Thanks for taking the time to read - wishing you all the best.

  • Hi  

    Welcome to the forum . 
    The stats for a spread have slowly creeped up over the years .

    Immunotherapy and other targeted treatments are now available that were not funded or some not even talked about when my mum started out . Only in the last 24 hours I have noticed a completely different clinical trial so I am still hopefully for better stats for stage four patients in the next few years . Immunotherapy was not sanctioned here until covid gave it a push along and with it opened up treatment that have completely changed peoples outcomes .

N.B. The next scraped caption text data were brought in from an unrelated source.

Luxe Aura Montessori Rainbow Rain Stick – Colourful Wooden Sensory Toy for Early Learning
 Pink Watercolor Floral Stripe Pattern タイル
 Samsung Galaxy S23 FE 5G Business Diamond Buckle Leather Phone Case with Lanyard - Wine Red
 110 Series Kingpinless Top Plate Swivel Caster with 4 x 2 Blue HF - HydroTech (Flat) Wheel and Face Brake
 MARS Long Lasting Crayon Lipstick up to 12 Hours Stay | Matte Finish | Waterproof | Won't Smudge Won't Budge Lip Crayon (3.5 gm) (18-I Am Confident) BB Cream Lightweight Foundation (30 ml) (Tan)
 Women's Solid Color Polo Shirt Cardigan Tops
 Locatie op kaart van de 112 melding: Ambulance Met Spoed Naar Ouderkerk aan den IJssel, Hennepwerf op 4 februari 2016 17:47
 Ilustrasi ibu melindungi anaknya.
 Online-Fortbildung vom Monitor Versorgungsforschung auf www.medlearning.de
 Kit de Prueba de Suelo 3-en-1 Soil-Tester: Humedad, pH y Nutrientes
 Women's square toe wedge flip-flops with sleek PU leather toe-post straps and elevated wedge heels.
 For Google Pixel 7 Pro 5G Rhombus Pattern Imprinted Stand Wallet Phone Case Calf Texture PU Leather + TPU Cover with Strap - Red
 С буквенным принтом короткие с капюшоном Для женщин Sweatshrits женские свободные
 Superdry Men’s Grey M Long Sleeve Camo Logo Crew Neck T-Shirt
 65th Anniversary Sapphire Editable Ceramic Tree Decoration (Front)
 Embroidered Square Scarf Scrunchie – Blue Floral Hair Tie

    My mum took up one of the first bowel screens in our area . 15 years ago this week . A picture of health and we had been pushing wheelbarrows around her garden and she was pulling a shift so nothing prepared us for the bowel tumour or the spread to her liver . She was asymptomatic. But it was a good way to start treatment as she was in good general health . She is only becoming symptomatic now and that’s 15 years into the process , however she has had lots of treatments and surgeries etc .

    Chemo did a powerful job on her liver mets and she only had bog standard chemo for two years . If you click on my user name you can read her story with the liver . I have not updated the latest lung saga as I am still cross with it coming back .

    However the liver and lung spread behaved totally differently.The liver popped up quickly and grew fast however if you are chemo responsive it’s the right environment for it to work well due to the rate of cell division. Which I am not going to pretend to understand but I think the oncologist said it does its best job on fast growing tumours that are responsive . Chemo was tough for her but the scans showed her significant spread and disappeared from screen and only one small dot remained . She went to a centre of excellence for the liver and had 73% removed and it’s remained clear . Her lung spread has been extremely slow growing in comparison and been around since 2014 . What can I say !

    Thats her story and she has still not reached third line treatment. She only ever used the one chemo and last year due to her age now she had ten months of a targeted treatment.

    She has just become too frail to take treatment or believe you me she would have . My son was seven when she was diagnosed and 22 now . Children are a powerful motivator.

    You will also see some people on the boards who are on their 7th 8 th year of continuous maintenance chemo . Keeps it at bay .

    My mum got me to go and get her a pile of sympathy cards as she is losing a lot of friends lately . I could not help but see the irony ! 
    My mum is not alone . There are people I am still in contact with and they are still living good lives despite difficult diagnosis.

    Obviously as you are aware not everyone gets these outcomes but we are pushing hard against the stats .

    Thats such a shame the samples need redone .

    However they will get you going and get this reigned in . My mum participated in a study for longevity. The guy running it actually has a spread to his liver but doing well . They are looking into the role T cells play !

    Anyway long post for a welcome .

    But you are very welcome .

    Court 

    Helpline Number 0808 808 0000

  • Thanks for the reply - so so helpful,  Wishing your mum (and you) the very best.